К этому времени я снова начала соображать.
– Да, – сказала я, – если кто-нибудь найдет мой рюкзак…
То, чего я хотела, лежало у меня в косметичке. Вместе с серебряным обручальным кольцом я хранила там еще одно сокровище, положив их туда, чтобы они не соскользнули и не потерялись во время перехода. Это был полый серебряный браслет, который подруга подарила мне после смерти Тэсс. В нем было немного пепла моей собаки.
Наутро, после очередного изнурительного перехода, мы разбили лагерь в месте под названием Васаунон, которому предстояло стать нашим домом на следующие две недели. Задачей нашей команды было отыскивать находящихся под угрозой исчезновения древесных кенгуру Матши, надевать на них ошейники с радиомаячками и отпускать обратно на волю. Это важная работа: установление ареала обитания кенгуру необходимо для разработки плана защиты тропического леса и его обитателей.
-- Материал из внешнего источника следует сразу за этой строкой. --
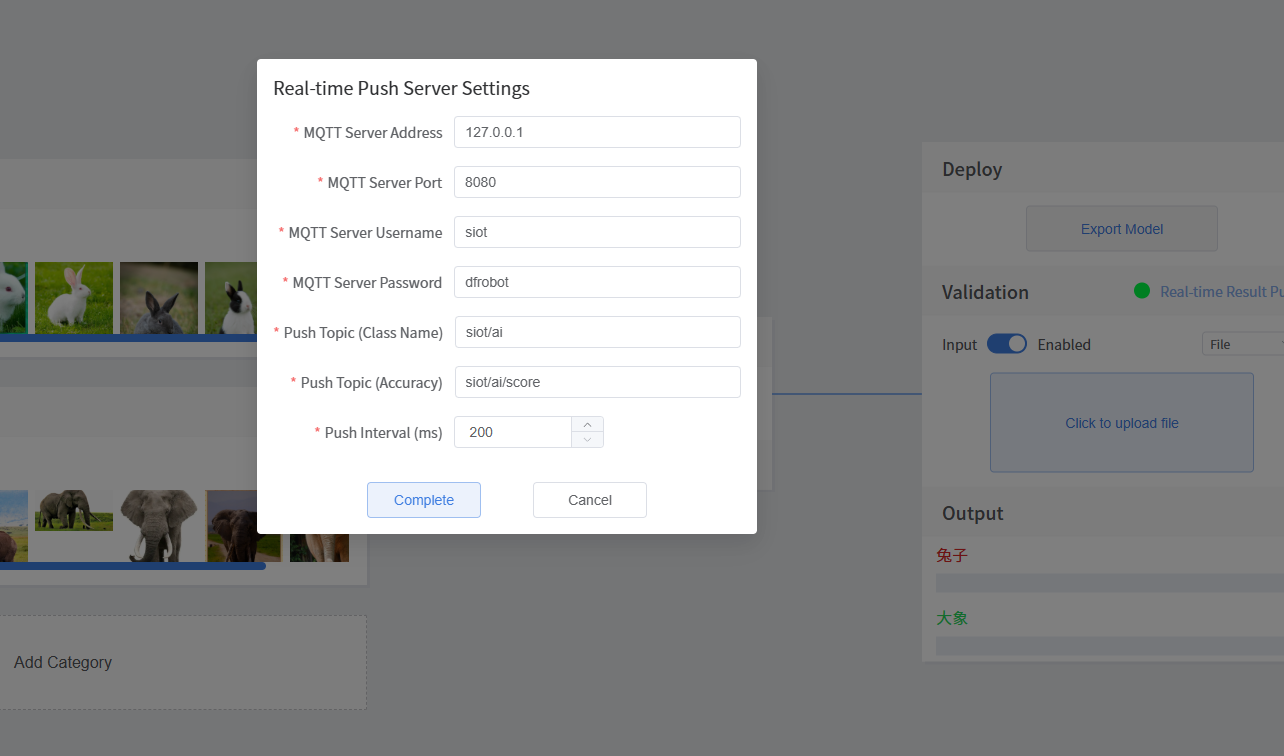 连接MQTT出现问题 SIot  APP被您禁用啦,可以访问 http://l图2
Древние высокие деревья, окружавшие лагерь, охраняли нас, как добрые волшебники с бородами из мха. Мох был усеян папоротниками. Папоротники были усеяны лишайниками, грибами и орхидеями. Но мох нравился мне больше всего. Мир был окутан им, словно бархатом, словно облака в этих высоких горах застыли в зелени и ожили. Джон Рёскин, живший в XIX веке британский теоретик искусства, называл мох – древнее низкорослое мягкое растение – «первой благодатью Земли». Здесь благодать окружала меня повсюду: она покрывала стволы деревьев, лианы, землю, смягчая тяжелые шаги и падение.
Мох рыжеватыми клочьями свисал с ветвей. Он был точно такого же цвета, как древесные кенгуру.
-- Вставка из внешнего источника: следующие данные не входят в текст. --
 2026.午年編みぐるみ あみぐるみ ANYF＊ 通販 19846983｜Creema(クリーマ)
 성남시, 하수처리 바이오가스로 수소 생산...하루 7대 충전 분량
– Годами это было все, что нам удавалось увидеть, – сказала мне Лайза.
Наверняка эти неуловимые зверьки и сейчас сидели там, наверху, на мягких подушках из мха. Древесные кенгуру Матши, вид, который изучает Лайза, почти целиком покрыты коричневато-рыжим мехом, и только животы у них лимонно-желтые. Еще у них влажные розовые носы, длинные пушистые хвосты, а размером они с крупную кошку. Сам Доктор Сьюз[5] не смог бы придумать более очаровательное существо. Они – как мягкая игрушка, которую сразу хочется обнять. И наша работа среди папоротников и орхидей, тумана и мха заключалась в том, чтобы находить, метить радиомаячками и потом следить за животными, которые выглядели так, будто сошли со страниц детской книги сказок.
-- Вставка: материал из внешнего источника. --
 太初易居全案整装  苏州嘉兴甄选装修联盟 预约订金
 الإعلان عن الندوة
«Примерно в 11 – удивительное событие, – записала я в своем полевом дневнике. – Следопыты вернулись с проехидной! Эндемик Новой Гвинеи, это еще один оживший персонаж Доктора Сьюза – толстенький, пушистый, на подушковидном теле всего несколько шипов; у него прелестные крошечные черные глазки, задние ноги выглядят так, будто их вставили задом наперед, а трубчатая морда такая длинная, что он буквально спотыкается о нее, когда двигается».
Наш гость, похоже, ничуть не испугался, когда его поймали, и сразу же после того, как его выпустили из мешка следопыта, начал исследовать все вокруг, а потом попытался с помощью своих сильных передних лап продырявить стену нашей полевой кухни, сделанную из связанных вместе стволов молодых деревьев. Он погрузил свой нос в землю, словно это была вода, а потом просочился сквозь стену – легко, как дым. Когда я осторожно коснулась его спины, он не отпрянул. Оказалось, что его угольно-черный мех удивительно мягок, хотя несколько шипов цвета слоновой кости были довольно острыми. Возможно, именно это придавало ему уверенности. Тем не менее мы не хотели злоупотреблять его обществом. И хотя за ним можно было бы с восхищением наблюдать целую вечность, пофотографировав и поснимав его на видео минут десять, мы вернули его в мешок из-под кофе, в котором он был доставлен домой.